A portfolio of small bets.

I’ve been giving this a lot of thought lately. I don’t want to touch my investments for years, while continually adding to them weekly/monthly, and affording a comfortable and fun lifestyle. The best solution I’ve landed on is this: accumulating a portfolio of small bets and having strong cash-flowing businesses. This creates anti-fragility. If one business fails – so what? You have income coming from another project. Numerous projects, with numerous income streams is the goal. Income isn’t tied to one company or one industry, it’s varied. This can be a product of numerous clients, numerous projects [SaaS projects for example], options trading, private investments, etc.

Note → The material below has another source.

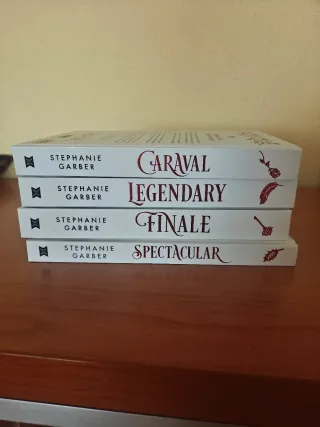 Saga libros caraval + novela spectacular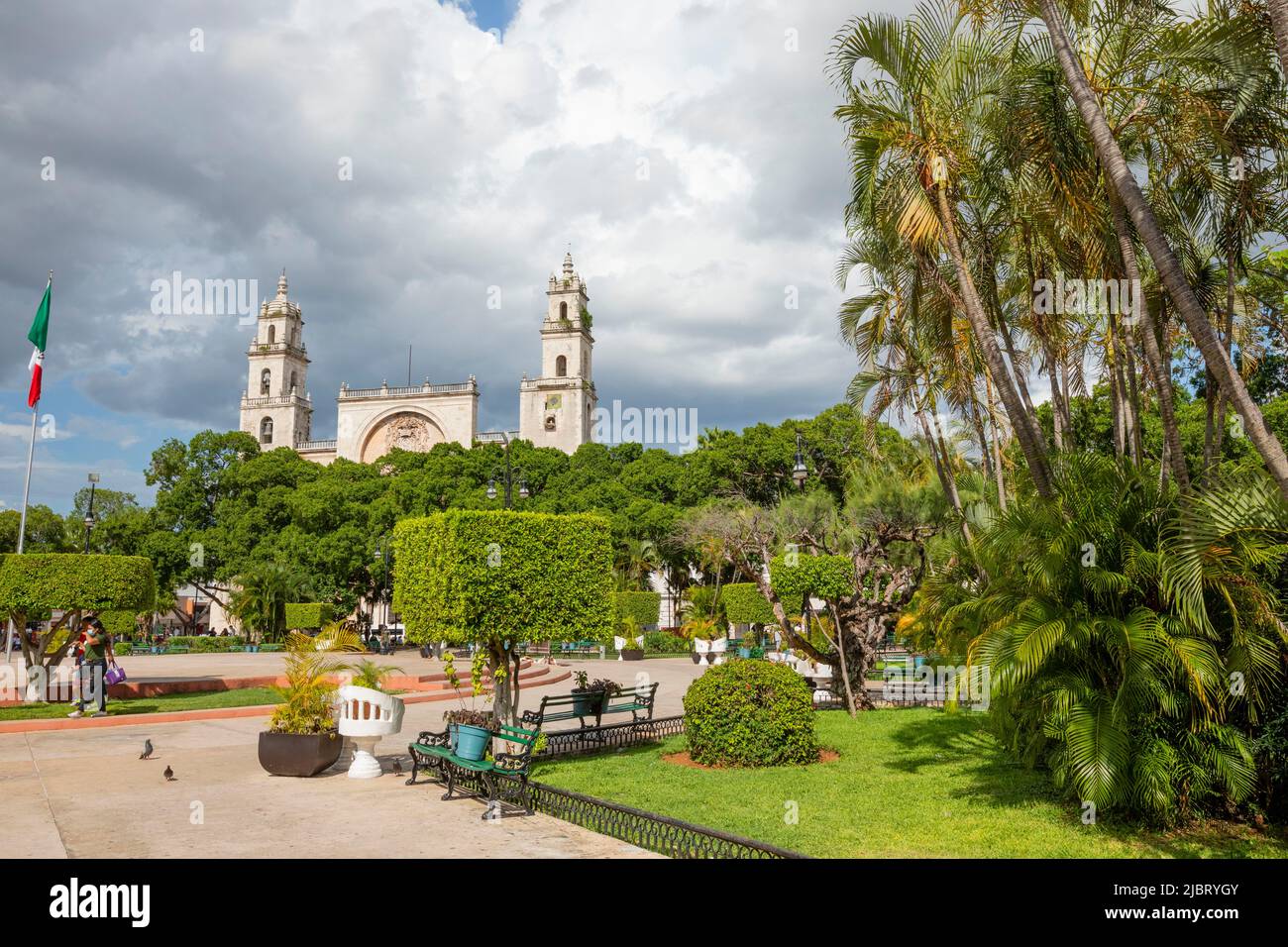 Mexico, Yucatán state, Merida capital of Yucatán, main square of Merida Plaza Grande with the cathedral in the background Stock Photo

This is the main reason I’ve decided to learn how to code. The idea of creating income through projects that I can build is invigorating. It also lowers the stakes. You don’t need venture funding and $100k of savings to launch a website. A portfolio of small bets may look something like this:

  • Freelance Clients [3-5 different ones]: $15-20k/monthly
  • Options trading: $2,500/monthly
  • Project 1: $500/monthly
  • Project 2: $4,500/monthly

It’s robust and recession proof. If one goes bust, I still have another income stream. Plus, it allows for more accumulation of pre-tax dollars to invest freely in asymmetric opportunities.

Inflation proof.

Further, the best way to beat inflation is to have a cash-flowing business. It’s hard to ask for a 15% raise annually from an employer, however raising prices on your services and/or product en masse is standard. Plus, if you’re delivering quality services and/or products your customers will not care – trust me. This extra income can then be diverted into inflation resistant assets such as Bitcoin, quality stocks, and real estate, which create more cash-flow. And so, the fly-wheel continues.

Closing.

I think too many people think of starting a business as this daunting and be-all-end-all way of life. Of course, if you poured your life savings and took on major debt to make a project work and it failed, that would be devastating. However, the better option is to just start shipping a product/service and see if it sticks. If so, great. If not, no problem because you spent a couple months working on it, only a few hundred dollars, and you learned something from it.